With the opening of Truth be Told, Samaritan was spliced into the opening with Greer’s voice beating out Finch’s as narrator. It began with a flashback to John’s CIA days, when he had a chance to meet the man who had hired him and selected him for the particular branch of the CIA he’d been a part of.
Jumping to the present, John was late to a date with Iris to meet her parents because he was caught up in the bathroom following up on a number. Once he took care of the issue he went to meet the parents in a rather benign scene.
The new number was eventually revealed, and the team was set to follow a man by the name of Alex Duncan. He was a coder for a company contracted with the DOD and was up to some suspicious activity. He’d stolen files and later was accosted on the street by the CIA. John intended to intervene, only to see his old boss who was introduced in the earlier flashback there. His cover would be blown so Alex was taken, and it transitioned into another flashback.
John and Kara were in the Middle East, in the barracks of a man they believed had sold the location of US missiles to the enemy for a nice pay day. The man, naturally, claimed he didn’t do it.
Root was on a mission for the Machine as the episode jumped around, and ended up as a delivery driver. Mysterious packages were being transported, redirected by Samaritan, then delivered to the rightful place. Root and Finch figured out that Samaritan was redirecting electronics shipments to install pieces of malware to keep tabs on the users of the technology. It was spreading its influence.
When John got Alex Duncan away from the CIA (though not before getting made by his own boss), he took him back to a safe house and dug deeper into what was driving the young man to steal files. He explained that his brother had been military, and he had been told Paul, the brother, had died a hero. However, when he looked into it more he began to doubt it and eventually found out his brother was being investigated for treason. John recognized the brother as the man he and Kara had interrogated once upon a time, and John had killed him without initial proof of guilt.

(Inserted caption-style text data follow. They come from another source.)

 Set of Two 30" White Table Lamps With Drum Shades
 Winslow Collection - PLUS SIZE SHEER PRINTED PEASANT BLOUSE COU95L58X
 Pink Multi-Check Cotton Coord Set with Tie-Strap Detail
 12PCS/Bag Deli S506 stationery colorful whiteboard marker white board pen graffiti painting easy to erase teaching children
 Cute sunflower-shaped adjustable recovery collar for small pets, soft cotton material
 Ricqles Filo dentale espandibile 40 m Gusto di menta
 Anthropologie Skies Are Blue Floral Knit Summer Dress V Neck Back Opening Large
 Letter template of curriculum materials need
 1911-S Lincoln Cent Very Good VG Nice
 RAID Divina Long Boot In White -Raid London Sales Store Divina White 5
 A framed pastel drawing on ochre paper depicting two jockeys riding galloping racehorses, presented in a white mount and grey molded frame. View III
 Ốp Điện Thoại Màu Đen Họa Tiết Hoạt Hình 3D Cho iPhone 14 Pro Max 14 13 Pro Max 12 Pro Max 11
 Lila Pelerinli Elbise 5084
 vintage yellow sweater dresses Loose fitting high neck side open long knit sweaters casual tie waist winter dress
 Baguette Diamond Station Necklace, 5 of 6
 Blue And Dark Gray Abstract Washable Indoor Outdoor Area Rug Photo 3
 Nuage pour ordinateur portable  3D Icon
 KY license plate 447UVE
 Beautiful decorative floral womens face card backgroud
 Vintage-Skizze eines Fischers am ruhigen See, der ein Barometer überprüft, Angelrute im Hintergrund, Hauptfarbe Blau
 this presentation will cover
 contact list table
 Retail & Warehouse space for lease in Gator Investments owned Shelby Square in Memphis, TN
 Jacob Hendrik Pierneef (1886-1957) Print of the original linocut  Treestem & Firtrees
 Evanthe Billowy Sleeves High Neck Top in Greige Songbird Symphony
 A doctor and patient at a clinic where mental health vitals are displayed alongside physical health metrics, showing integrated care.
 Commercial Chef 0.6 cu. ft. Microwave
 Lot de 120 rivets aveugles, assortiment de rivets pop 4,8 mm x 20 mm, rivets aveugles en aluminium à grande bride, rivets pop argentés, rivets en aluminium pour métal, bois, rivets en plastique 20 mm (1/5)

Eventually John’s attempts to keep Alex safe and render him no longer a threat to the CIA got them both captured, and his old boss poked at him about the situation Alex had been looking into. John claimed that he had been there, but that it had been an airstrike that killed him after all. It was a lie of course, but John was more focused on getting them out of CIA custody. He managed to flip the car and get them out, but not before threatening his old boss and telling him to back off.
Root and Finch bickered a bit over what risks to take with the Machine, and the malware they’d found that had been planted by Samaritan. They were going to have to run it to see what it was.
A final flashback revealed that Alex’s brother, Paul, had betrayed his country. Kara found money in the lining of the briefcase. She also told John why he’d been chosen for the job. He had no family, lost his adoptive mother, and Beall had known he’d give everything to the agency. That’s who they were, that’s why they were good at their jobs, and they’d never have the luxury of a normal life.
At the end of the episode, John broke off his relationship with Iris and they parted ways, because he knew he wouldn’t be able to have a normal life and no longer wanted to put her in danger.